WHAT
A user recounts a typical workday while the design team listens and takes notes to record their first impression of the concerns and desires of the user.
WHY
Design thinking is a form of user-centred design so a good designer will first find out what is going on in the life of the user to determine their activities, feelings, ideas, worries, and where these are taking place to get a clear picture of the environments involved, not just places but also people. The designers try to put themselves in the position of the user, which is the crucial Empathy phase in design.
Design thinking is not an easy activity as it requires design-researchers to take themselves outside of their normal and personal frameworks for interpreting the world. Since we have a natural tendency to consider our own point of view as the most relevant, changing this frame of reference may be quite difficult.
Design thinking starts with a detachment from this normal attitude, a “narcissistic injury” as Freud might have called it. Not me but the other is the starting point. Not the designer but the user is considered the expert in their domain so the first step is to connect to this user’s “expertise”, which includes not just their expert-knowledge in the field, but certainly their hopes, fears, frustrations and ambitions.
What does the user think, feel, desire – those are the dimensions that a designer wants to connect to. Design thinking is therefore not just focused on collecting as much data and information as possible, but above all on grasping how the users contribute meaning to their (work) environment.
The thoughts and feelings of a user take shape in a specific context. If we want to understand how to improve the quality of work for a prison guard, we must visit the prison and actually sense what this person is experiencing every day. Developing empathy is a form of ethnographic research where you go out into the field and observe in order to get to real experiences in a unique context. Designers do this by observing individuals through a typical workday, recording their activities and taking notes about how they experience their environment. The exercise ‘Imagining a day in the life’ is this type of observation of one day in the life of the user.

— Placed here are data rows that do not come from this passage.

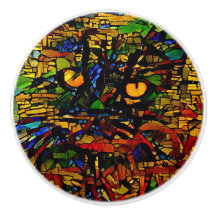 Mosaïque colorée Chat Art Prin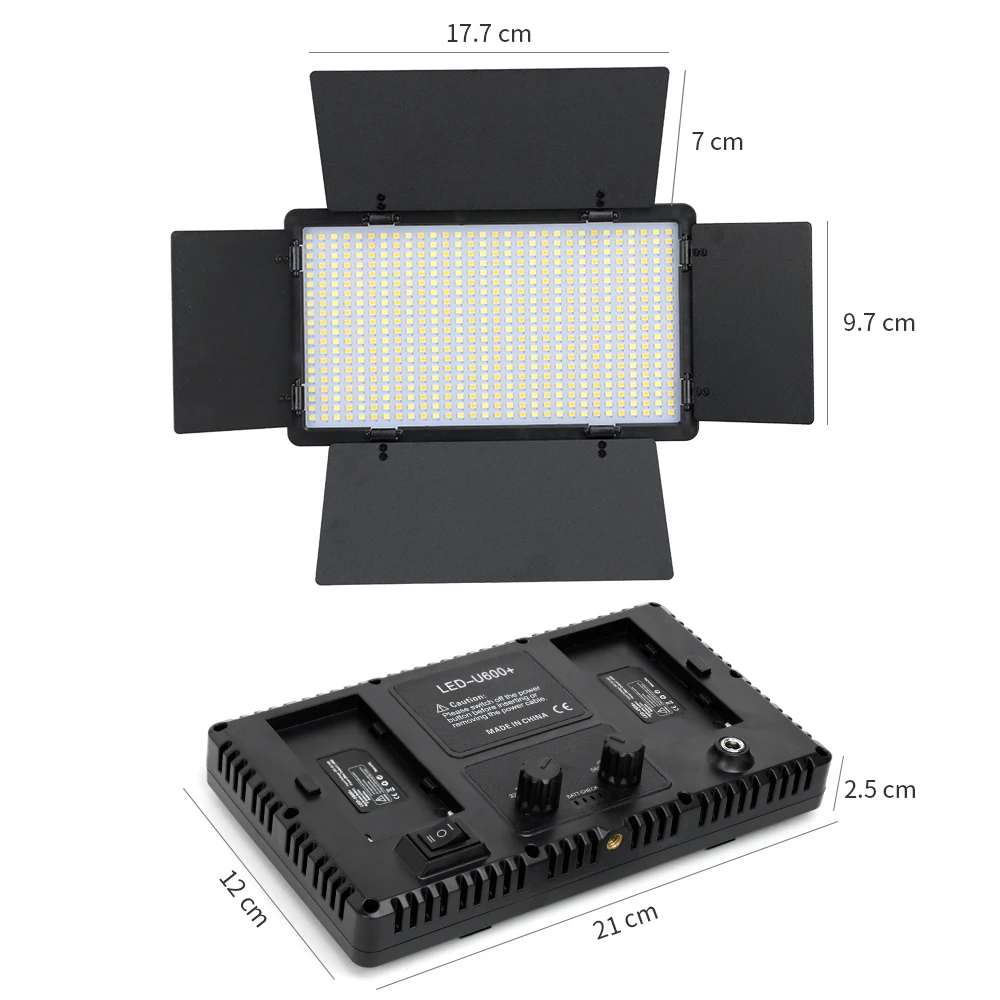 Bi-color Temperature Adjustable Video Led Light Box Photography Panel Camera Lighting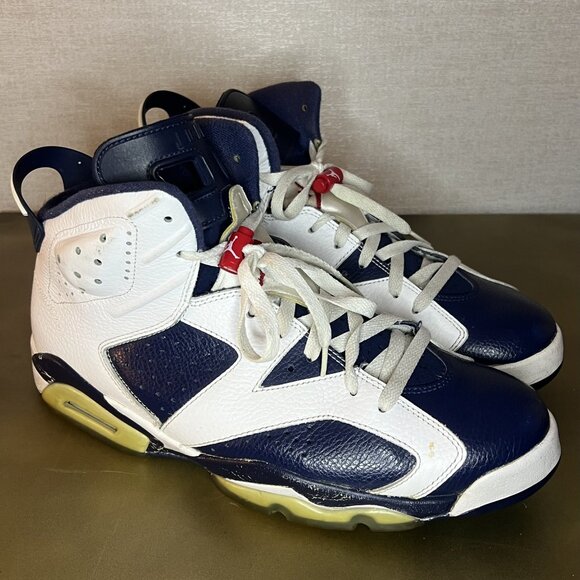 Air Jordan 6 Retro Olympic 2012 London Size 11.5 Rare OG 8/10 COND Authentic - Picture 1 of 8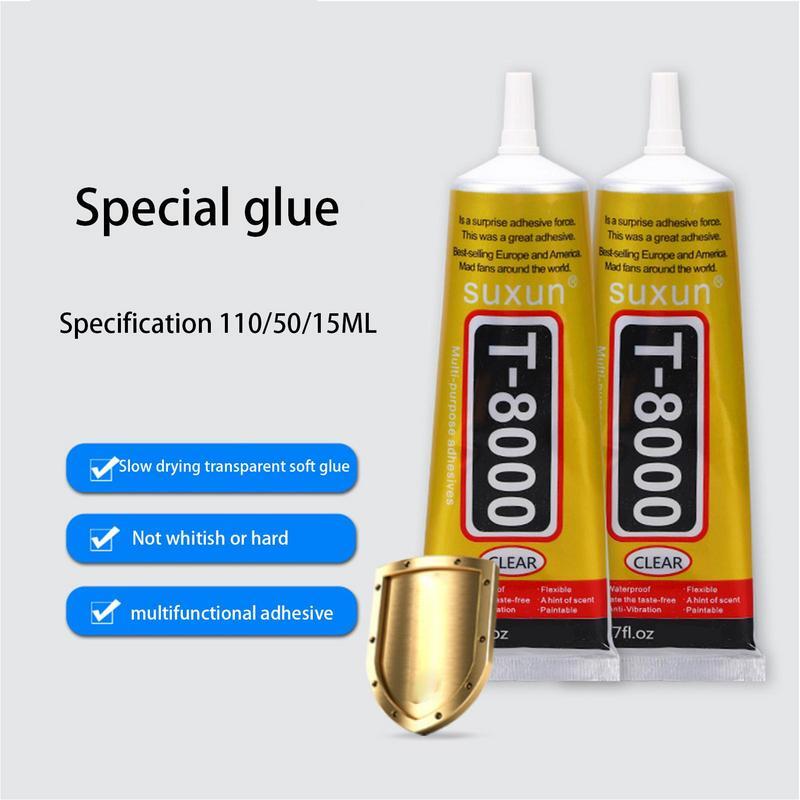 NEW 15ML 50ML 110ML T8000 Clear Contact Phone Repair Adhesive Electronic Components Glue With Precision Applicator Tip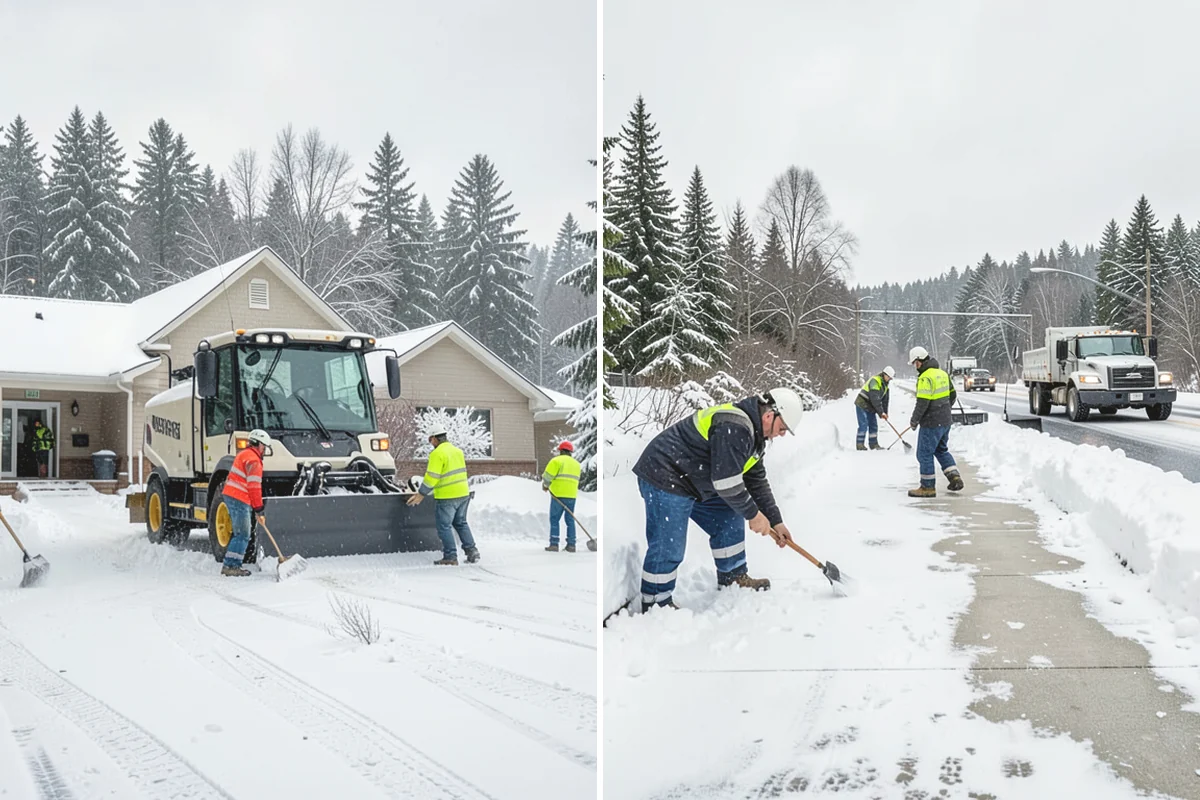 Ramp Snow Removal in Monroe, Snohomish County, WA - Clear the full ramp surface from base to crest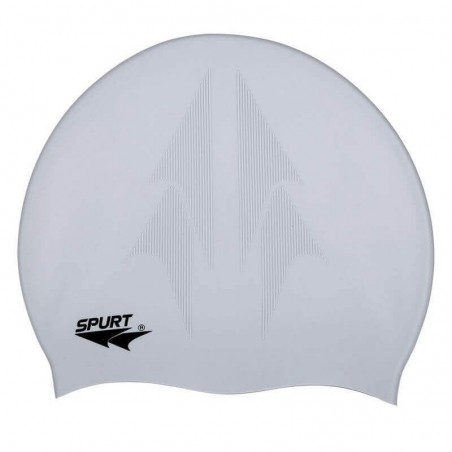 Silikonová čepice F244 s plastickým vzorem SPURT, šedá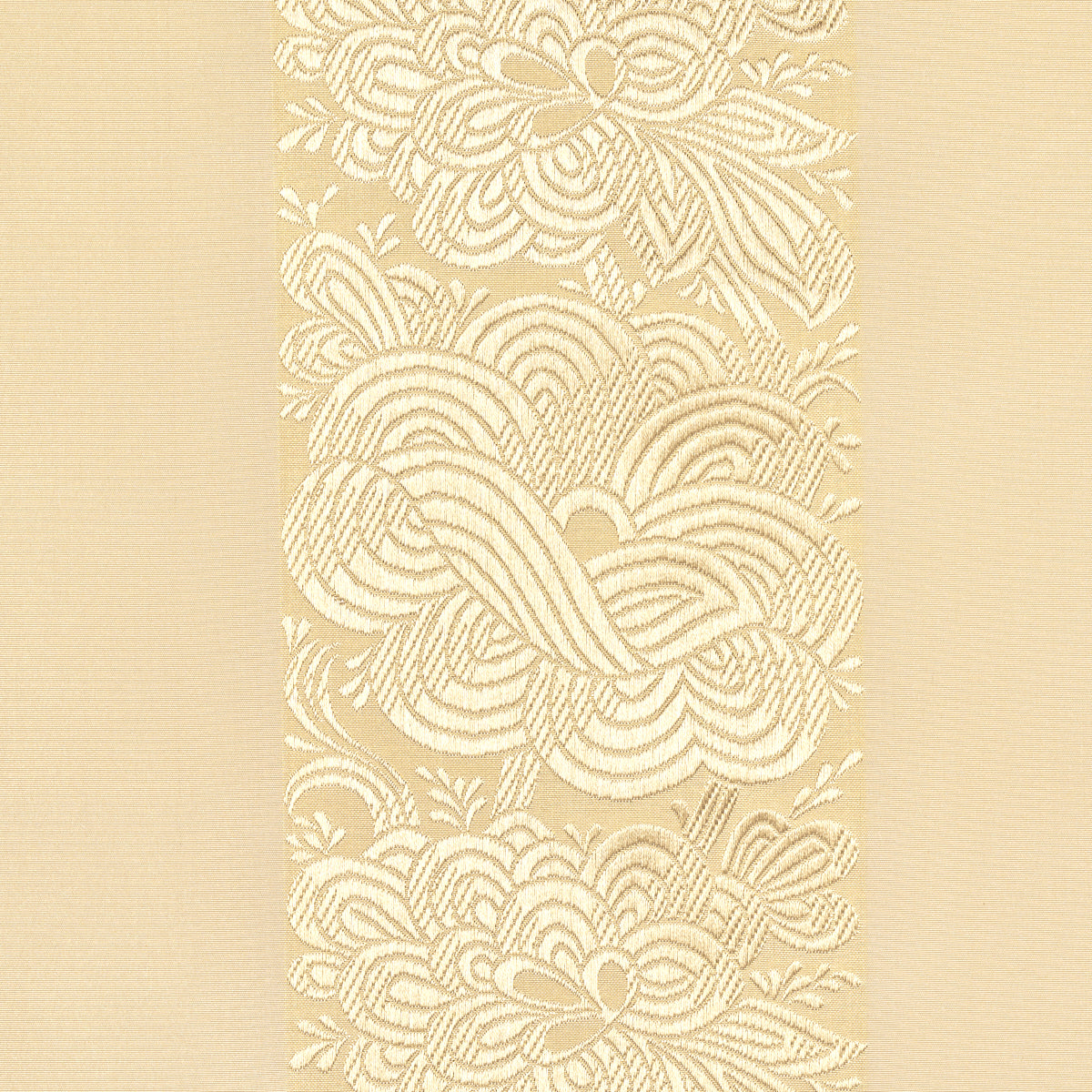 MANDARIN SILK STRIPE | GOLD DUST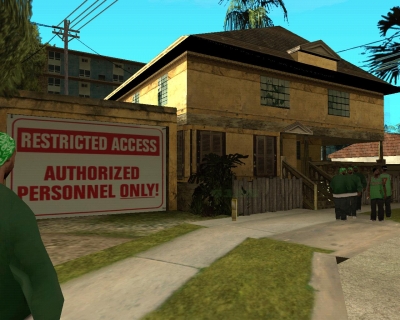 Retextured CJ House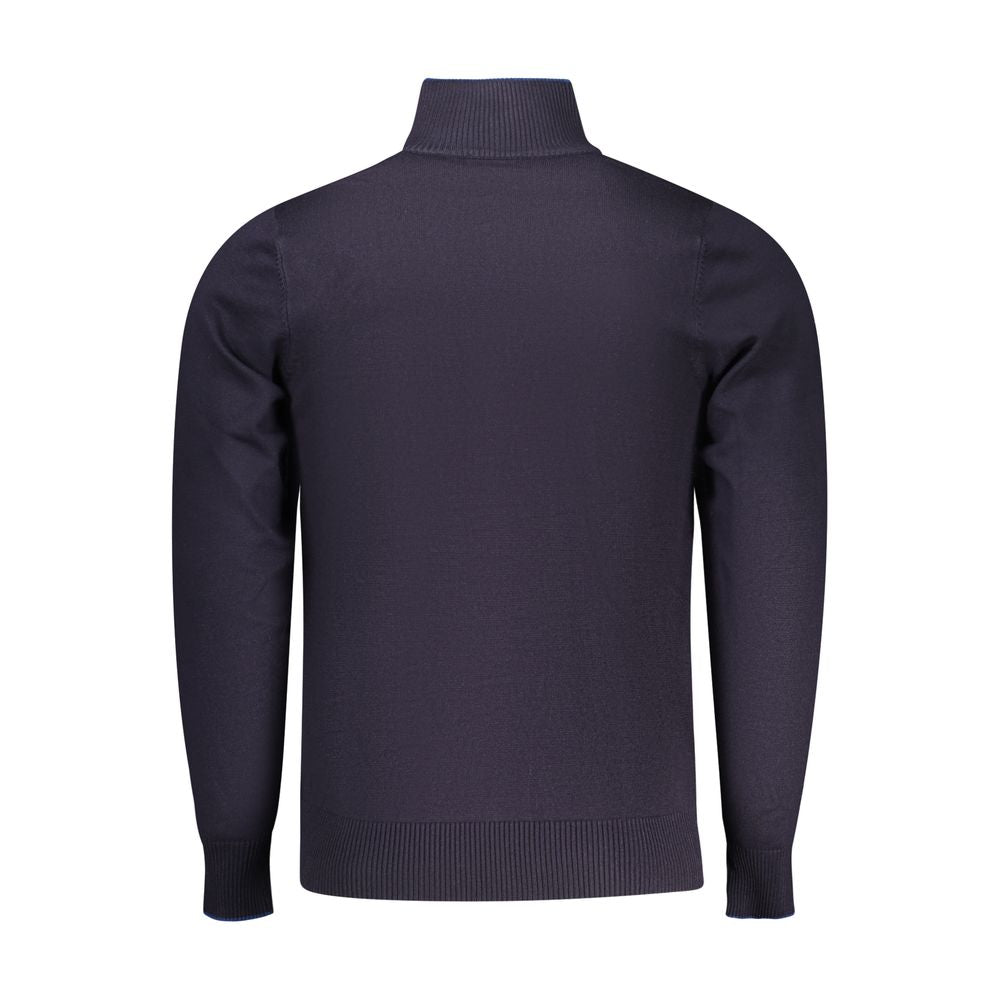 Coveri Moving Blue Nylon Sweatshirt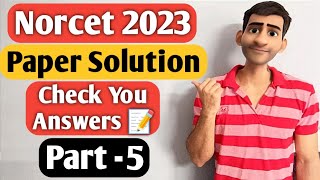 Part - 5 Aiims Norcet 2023 Paper Solution Questions With Answers #5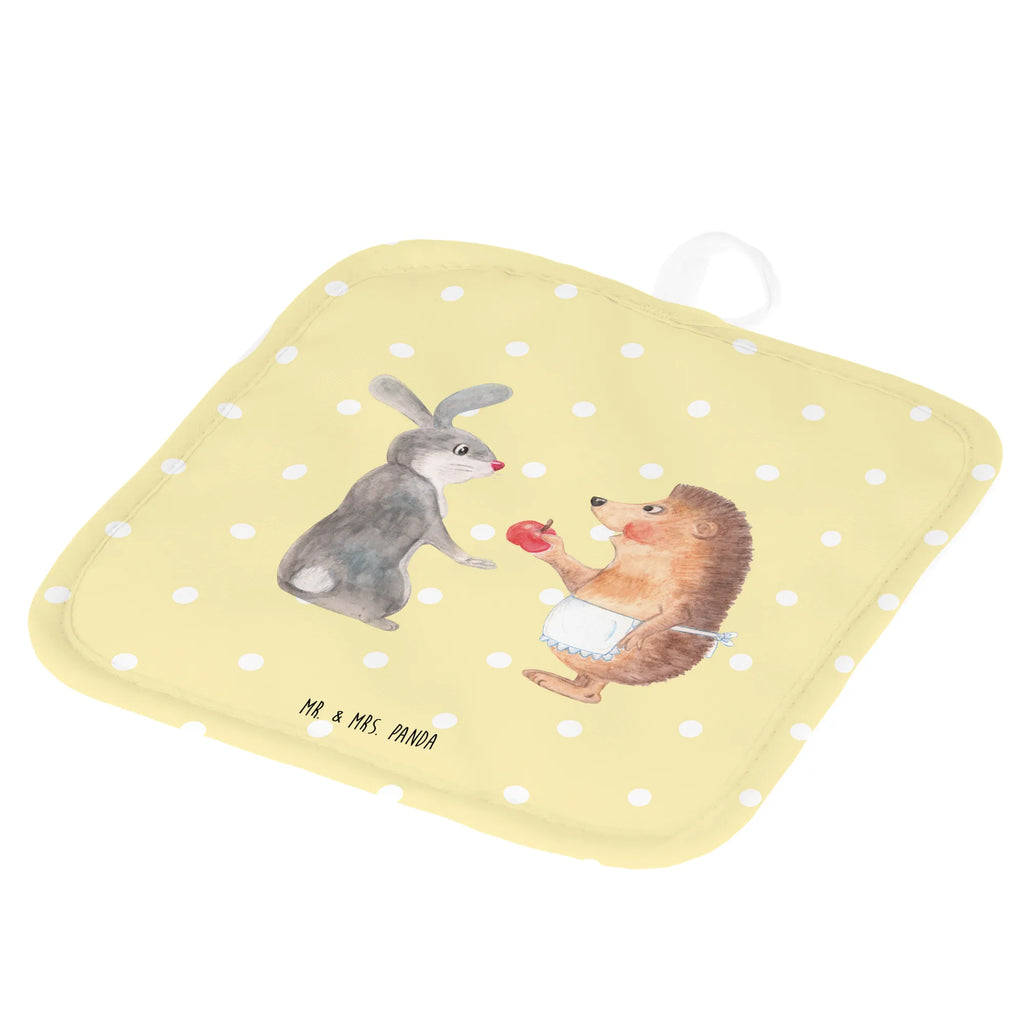 2er Set Topflappen  Hase Igel Topflappen Set, Topflappen, Topflappen 2er Set, Topfuntersetzer, topfhalter, Topflappenset, Topfhandschuhe, 2er Set Topflappen, Gute Laune, Tiermotive, Tiere, Lustige Sprüche, Trösten, Igel und Hase, Trennungsschmerz, Hase, Herzschmerz, Liebe Spruch, Liebeskummer Geschenk, Igel, Spruch Romantisch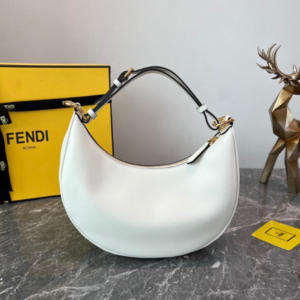 Fendi Praphy Underarm Small Bag - White 28072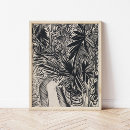 Buscar dibujo botánico posters Blanco y negro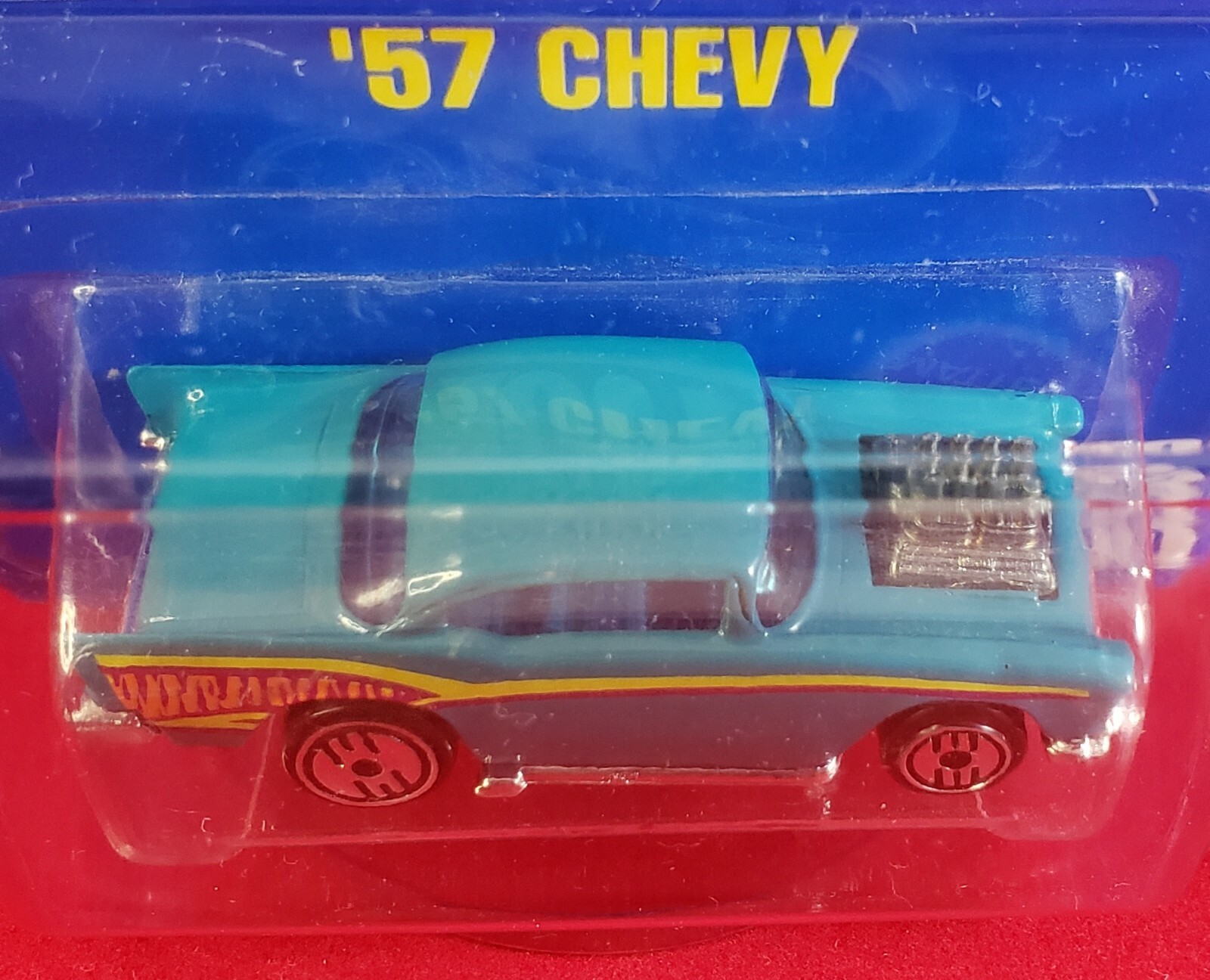 Hot Wheels Mattel Blue Card ’57 Chevy Collector No. #213 NEW Unopened Package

However, when it is not possible to conduct such deep field research, a variation on this activity combines storytelling with understanding the daily life of the user. As the users recount their typical workdays, the design-researcher takes notes to record and then think about how people spend their time and how they experience their activities. Although observations on location are preferable, this variation will help to gather a realistic picture of the daily life of the user.
The activity Imagining a Day in the Life can also be used to develop personas and user journeys and for empathy mapping. The notes that are taken are shared within the design team to then extract more detail, as well as to detect certain commonalities and patterns as part of the synthesis process, where the team gathers all the information to develop deeper insights into what motivates the user.
HOW
One user, who may also be a representative of the client or stakeholder for whom you are designing, recounts a typical workday. All team members listen and take notes on a sheet with 4 different categories:
The task is to take notes of all the aspects that strike you or stand out, in these different categories:
- Activities: What is the person doing?
- Places: What characterizes the physical environment?
- Beliefs/Values: What is important to this person?
- Concerns: What are the worries?
When the user has finished this story, the team members go back to their team working space and each team member gets 4 minutes to summarize their most relevant findings orally with the rest of the team, and writes (at least) 3 on sticky notes to post. Ideally, the team has its own working space where all these notes on the wall become part of the team’s space saturation.